Si encima espolvoreamos por la superficie al servirlo unas grosellas frescas o moras o fresitas del bosque, entraremos en un estado placentero de shock traumático.

EL TOMATE

La lista de variedades es interminable, variando las formas, texturas, colores y sobre todo el sabor. Las especies más comercializadas hoy en día han sido creadas para resistir el transporte y el comercio, muchas veces en detrimento del gusto.

Por ello, disfrutemos de las variedades que muchas veces nos ofrecen nuestros paisanos agricultores en los mercados menos masificados, tomates de tamaños desiguales, pero más delicados y frágiles, sin duda más sabrosos y ricos.

Los buenos tomates además de oler, dejan entrever a través de su fina piel una red de estrías y ‘venas’ rojas, sinónimo de calidad. Hay que desconfiar siempre de aquellos tomates que, apilados milimétricamente en la caja, parecen clones unos de otros... Son exactamente iguales, del mismo color. Normalmente la sorpresa será que una vez troceados y probados, no sabrán ni olerán a nada. Pulpa carnosa y jugosa, pero sin sabor. El buen tomate maduro, aquel que nos ofrece el mercado, aparece en el transcurso del verano a lo largo de todo lo ancho y largo de la península.

Venga de donde venga, la receta de sopa fresca que os propongo, viene a ser una suerte de ‘gazpacho’, pero con el protagonismo único de nuestro tomate. Una sopa fría fácil de hacer, estimulante, refrescante y deliciosa. Un trago fácil de sorber y muy digestivo.

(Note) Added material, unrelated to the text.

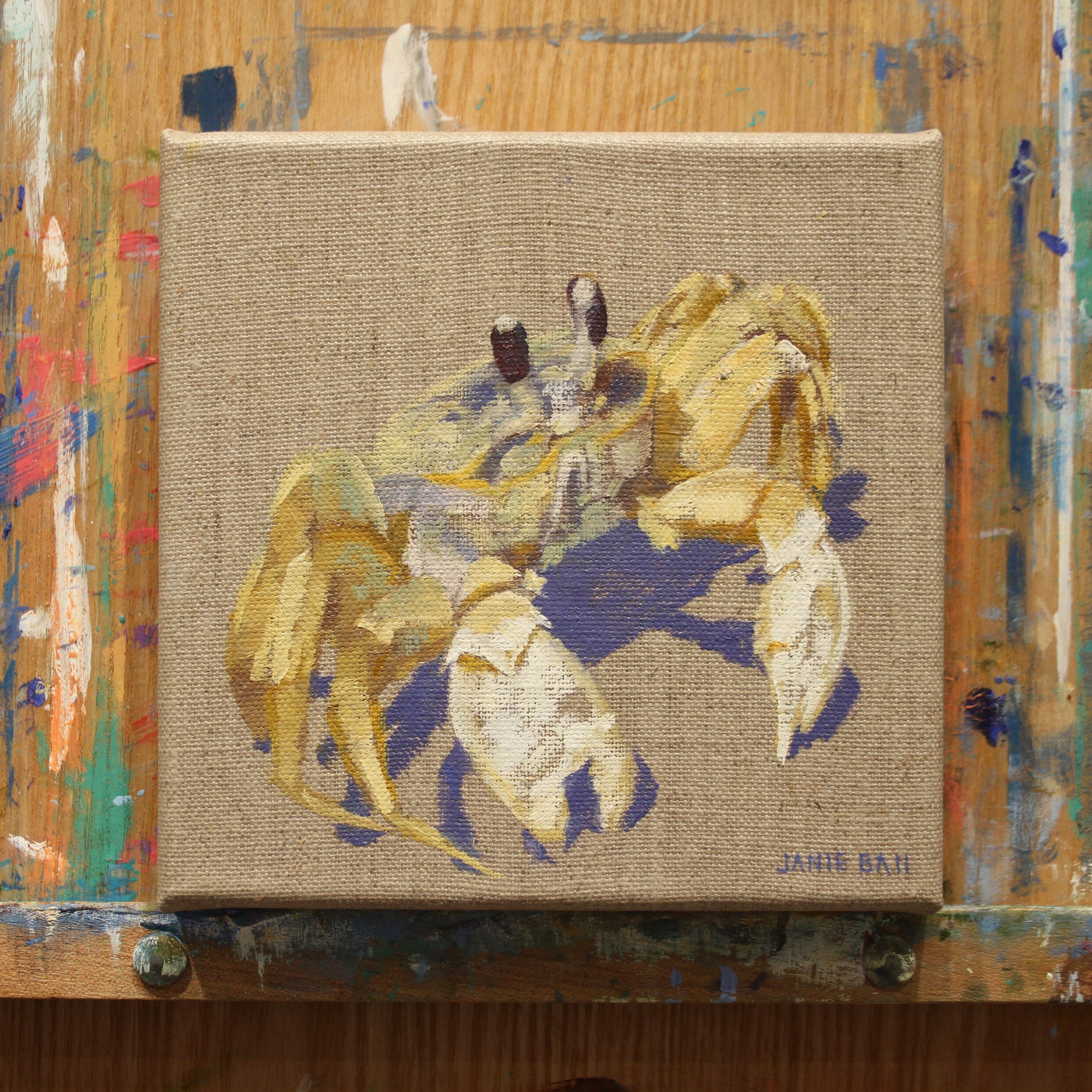 Ghost Crab III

Perfecta para acompañarse con unos taquitos de queso fresco, unos dados de jamón cocido o para verter sobre ella unas cucharadas de yogur natural. Las guarniciones, siempre que sean ligeras, desgrasadas y saludables, son numerosas. También, dependiendo del gusto personal, podemos añadir unas gotas de tabasco, para los que gustan de los gustos más pronunciados y fuertes. Las hierbas como la albahaca, el orégano fresco o el perejil, se acomodan perfectamente con el gusto del tomate. Si disponemos de ellas, cortarlas en tiras muy finas, desperdigándolas por la sopa, que se aromatizará y además adquirirá una tonalidad verdosa muy agradable. Esta sopa es otra preparación que conviene elaborar y almacenar, herméticamente cubierta, en una jarra o similar, en la balda de nuestra nevera. Echar mano de ella cuando queramos sofocar la sed o beber un tentempié original, que nos sabrá ‘a gloria’.